One of the most popular allocation algorithms, max-min fairness, works well in a homogenous environment; this is the one where resource requirements are fairly proportional between different competing users, such as the Hadoop cluster. However, scheduling resources across frameworks with heterogeneous resource demands poses a more complex challenge. What is a suitable fair share allocation policy if user A runs the tasks that require two CPUs and 8 GB RAM each and user B runs tasks that require four CPUs and 2 GB RAM each? As can be seen, user A's tasks are RAM-heavy, while user B's tasks are CPU-heavy. How, then, should a set of combined RAM + CPU resources be distributed between the two users?
The latter scenario is a common one faced by Mesos, designed as it is to manage resources primarily in a heterogeneous environment. To address this, Mesos has the Dominant Resource Fairness algorithm (DRF) as its default resource allocation policy, which is far more suitable for heterogeneous environments. The algorithm is described in detail in the following sections.
The Dominant Resource Fairness algorithm (DRF)
Job scheduling in datacenters is not limited to only CPUs but extends to other resources, such as the memory and disk, as well. In a scenario where resource demands are varied, some tasks are CPU-intensive, while some are memory- or disk-intensive; this is where the min-max fairness algorithm falls short. Herein lies the need for a resource scheduling mechanism that provides every user in a heterogeneous environment a fair share of the resources most required by it. In simple terms, DRF is an adaptation of the max-min fairness algorithm to fairly share heterogeneous resources among users.
Let's consider the following example to understand how the algorithm works.
We will assume that the resources are given in multiples of demand vectors and are divisible.

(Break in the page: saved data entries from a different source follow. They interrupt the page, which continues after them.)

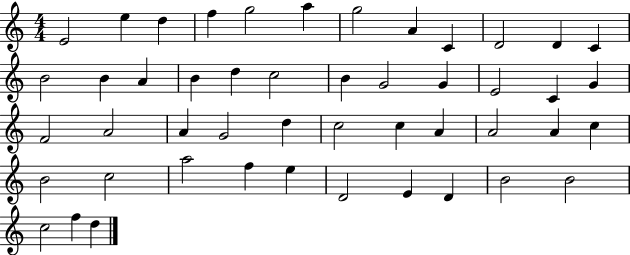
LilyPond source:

{
  \clef treble
  \numericTimeSignature
  \time 4/4
  \key c \major
  e'2 e''4 d''4 | f''4 g''2 a''4 | g''2 a'4 c'4 | d'2 d'4 c'4 | \break b'2 b'4 a'4 | b'4 d''4 c''2 | b'4 g'2 g'4 | e'2 c'4 g'4 | \break f'2 a'2 | a'4 g'2 d''4 | c''2 c''4 a'4 | a'2 a'4 c''4 | \break b'2 c''2 | a''2 f''4 e''4 | d'2 e'4 d'4 | b'2 b'2 | \break c''2 f''4 d''4 | \bar "|."
}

Consider a case where the total resources available are eight CPUs and 10 GB memory. User 1 runs tasks that require one CPU and 3 GB memory, and user 2 runs tasks that require three CPUs and 1 GB memory. Before we proceed to analyze how the DRF algorithm will allocate tasks, let's understand the concepts of the dominant resource and share:
- Dominant resource: This refers to the resource (CPU or memory) that is most required by the user. In this case, user 1 runs tasks that have higher memory requirements (3 GB per task), so the dominant resource for user 1 is memory. On the other hand, user 2 runs computation-heavy tasks (three CPUs per task) and hence has CPU as its dominant resource.

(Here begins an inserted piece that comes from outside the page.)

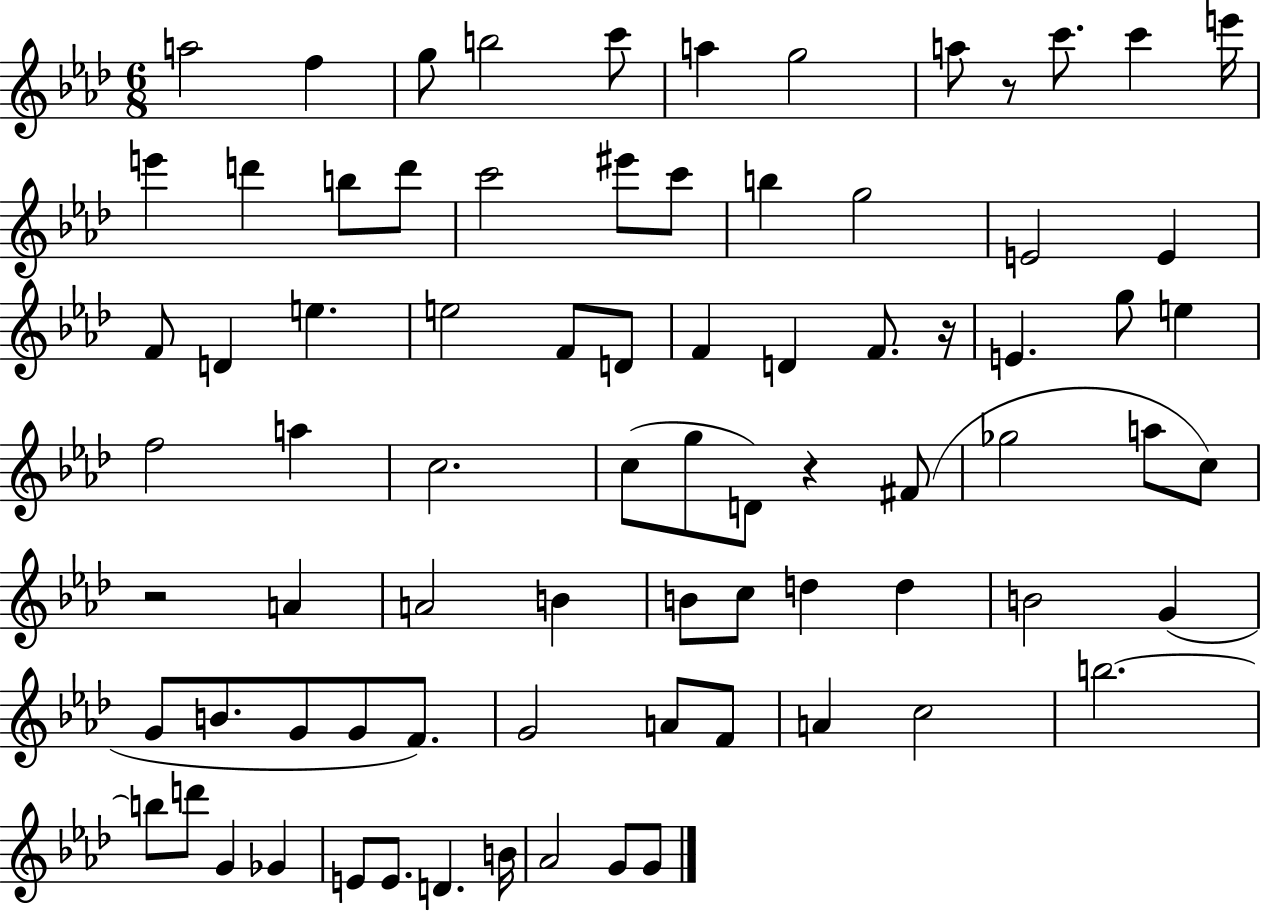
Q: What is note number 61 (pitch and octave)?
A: F4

- Dominant share: This refers to the fraction of the dominant resource that the user is allocated. Referring to our example, user 1's dominant share is 30% (3/10), while user 2's dominant share is 37.5% (3/8).
The DRF allocation module tracks the dominant share of each user and makes a note of the resources allocated to each user. DRF begins allocation by offering resources (CPU or memory) to the user with the lowest dominant share among all the competing users. The user then has the option to accept the offer if it meets its requirement.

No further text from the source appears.